> [What you have to do]: Write out, exactly and in full, the line where "Historische Karte zum Sykes-Picot-Abkommen" appears together with all lines that follow it in the entries below. Do not include pictures.

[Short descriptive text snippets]
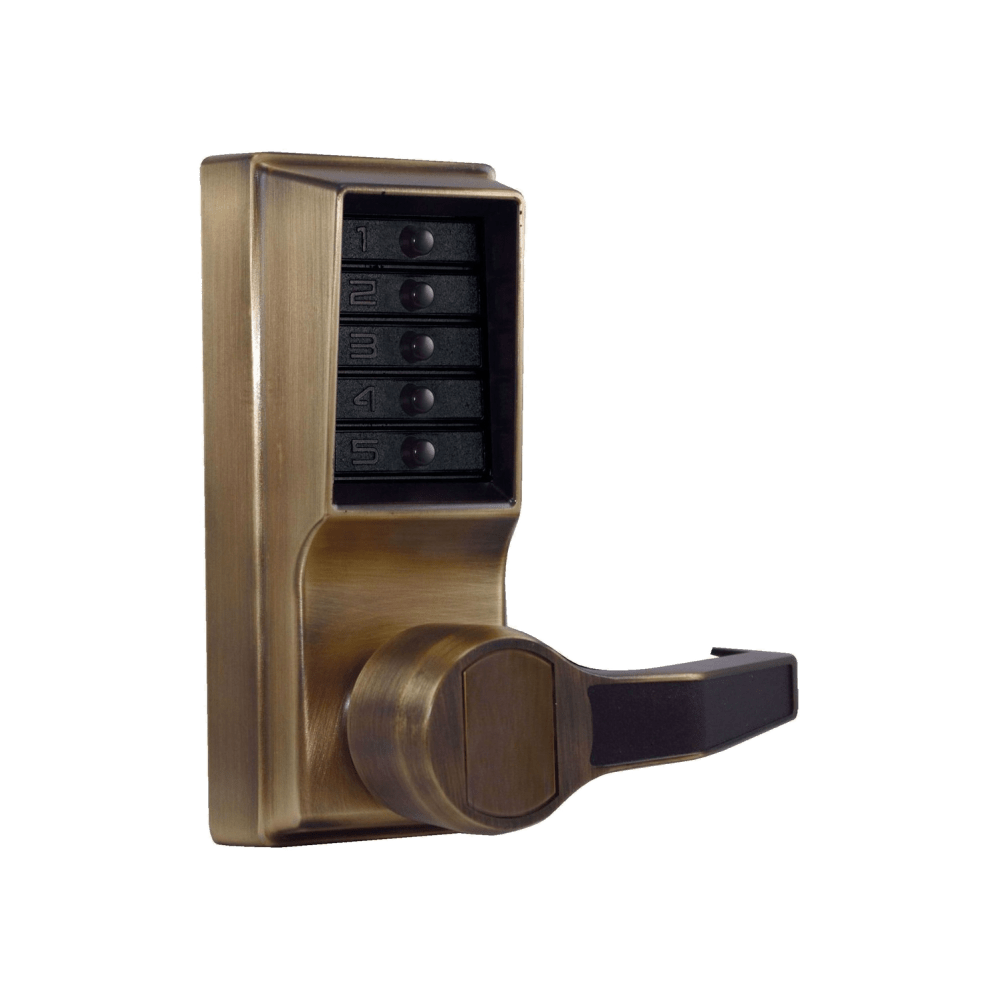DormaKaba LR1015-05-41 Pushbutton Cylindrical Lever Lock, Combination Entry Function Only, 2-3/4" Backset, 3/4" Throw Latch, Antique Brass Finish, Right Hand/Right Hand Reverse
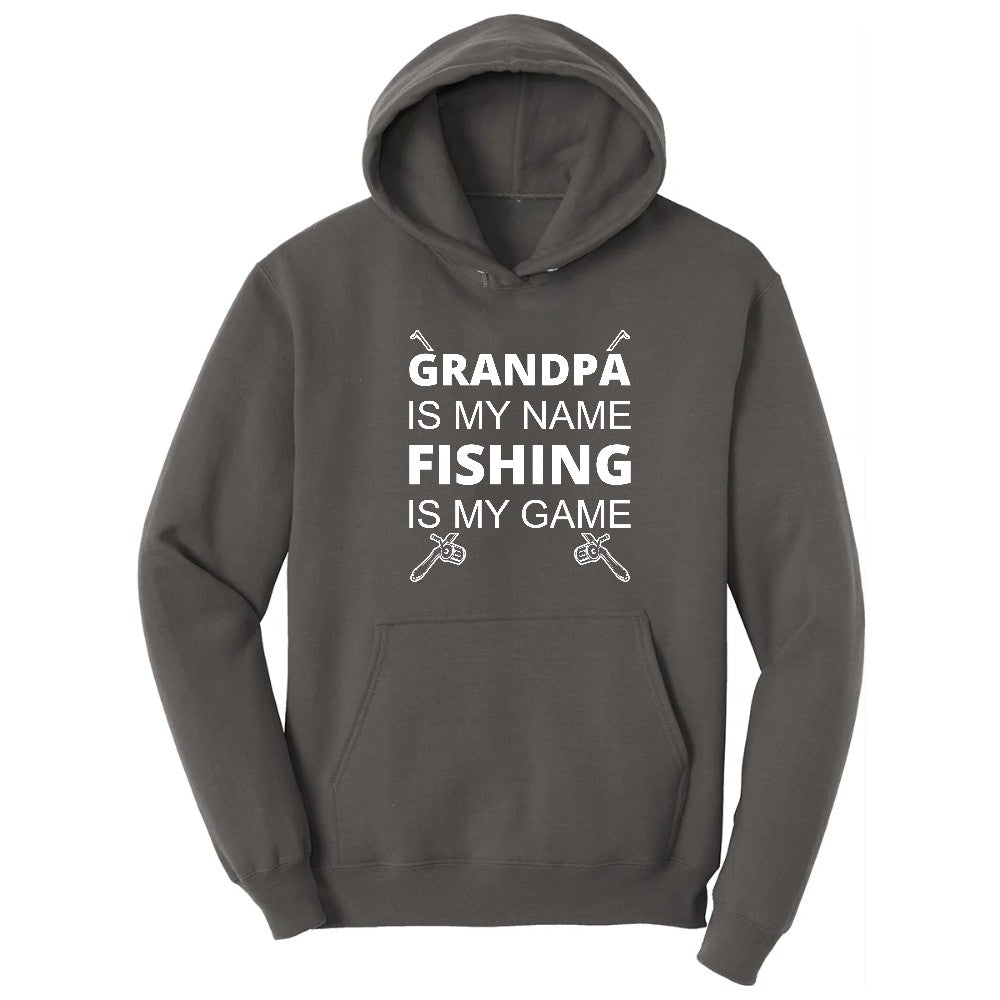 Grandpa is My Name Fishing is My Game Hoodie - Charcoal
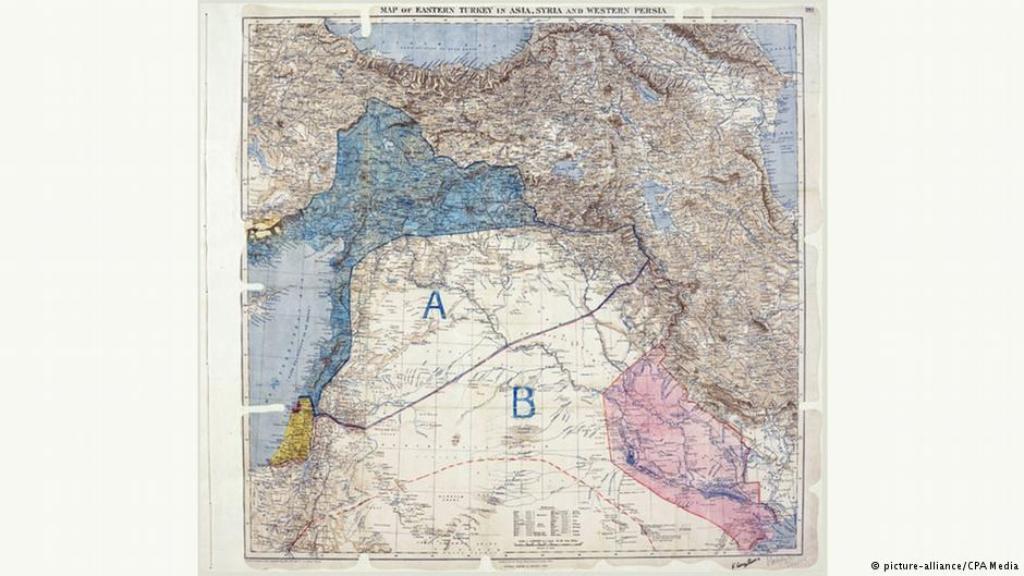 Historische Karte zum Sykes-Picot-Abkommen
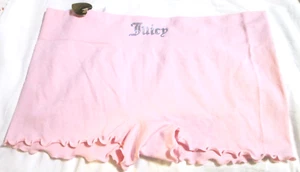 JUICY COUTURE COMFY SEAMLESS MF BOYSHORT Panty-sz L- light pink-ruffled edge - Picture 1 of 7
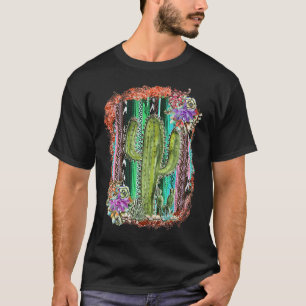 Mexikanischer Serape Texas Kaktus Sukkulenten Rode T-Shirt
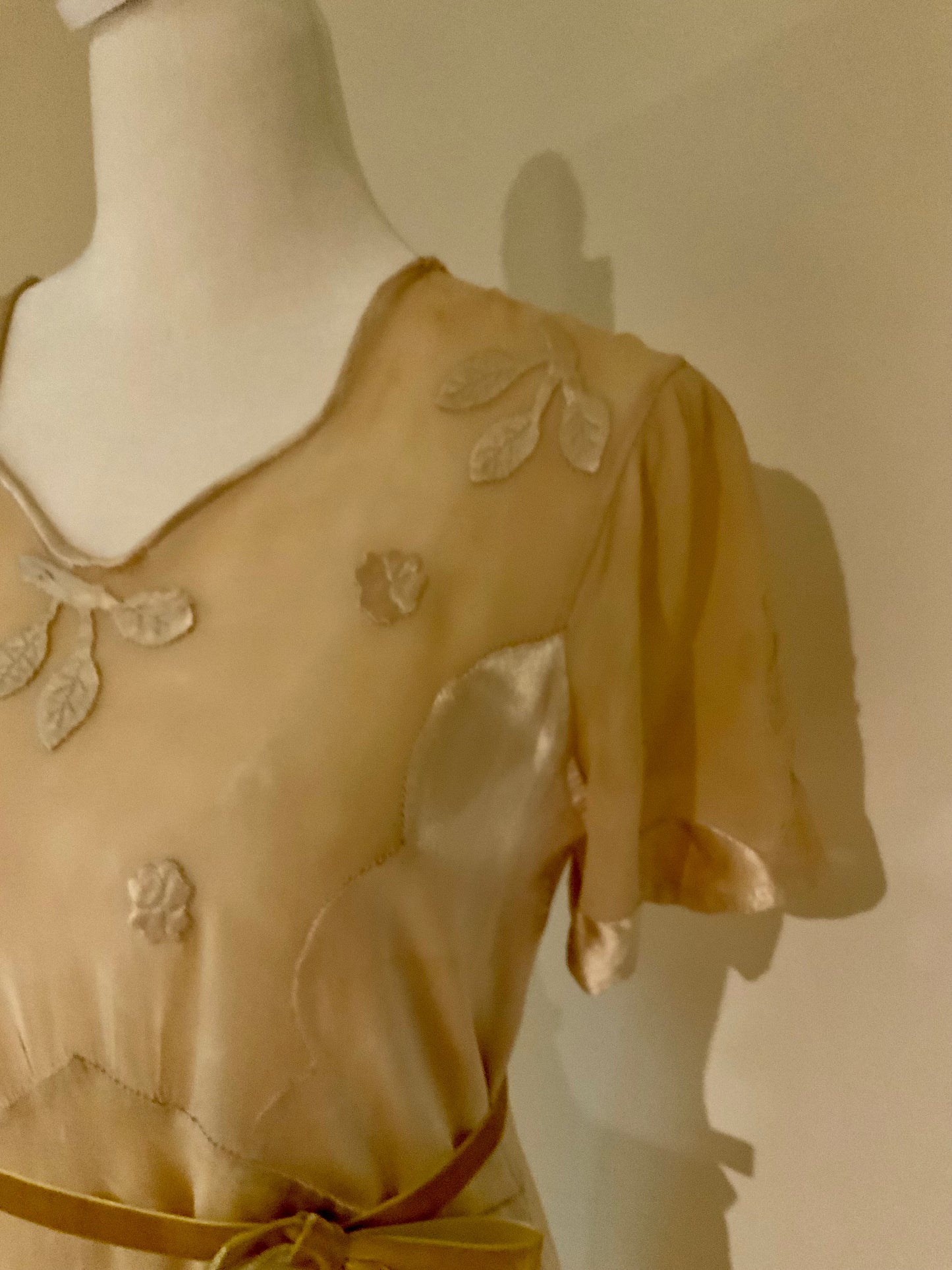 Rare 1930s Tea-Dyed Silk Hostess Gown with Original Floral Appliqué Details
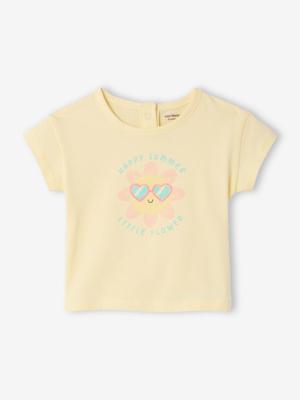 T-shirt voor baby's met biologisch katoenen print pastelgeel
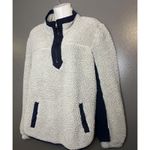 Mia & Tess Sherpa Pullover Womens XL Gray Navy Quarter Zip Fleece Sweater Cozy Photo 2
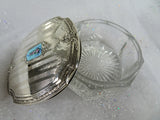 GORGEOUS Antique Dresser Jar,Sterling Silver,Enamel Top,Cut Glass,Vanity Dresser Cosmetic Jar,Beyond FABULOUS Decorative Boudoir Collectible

> [Solution below]:
 Historische Karte zum Sykes-Picot-Abkommen
 JUICY COUTURE COMFY SEAMLESS MF BOYSHORT Panty-sz L- light pink-ruffled edge - Picture 1 of 7
 Mexikanischer Serape Texas Kaktus Sukkulenten Rode T-Shirt
 Rare 1930s Tea-Dyed Silk Hostess Gown with Original Floral Appliqué Details
 T-shirt voor baby's met biologisch katoenen print pastelgeel
 Mia & Tess Sherpa Pullover Womens XL Gray Navy Quarter Zip Fleece Sweater Cozy Photo 2
 GORGEOUS Antique Dresser Jar,Sterling Silver,Enamel Top,Cut Glass,Vanity Dresser Cosmetic Jar,Beyond FABULOUS Decorative Boudoir Collectible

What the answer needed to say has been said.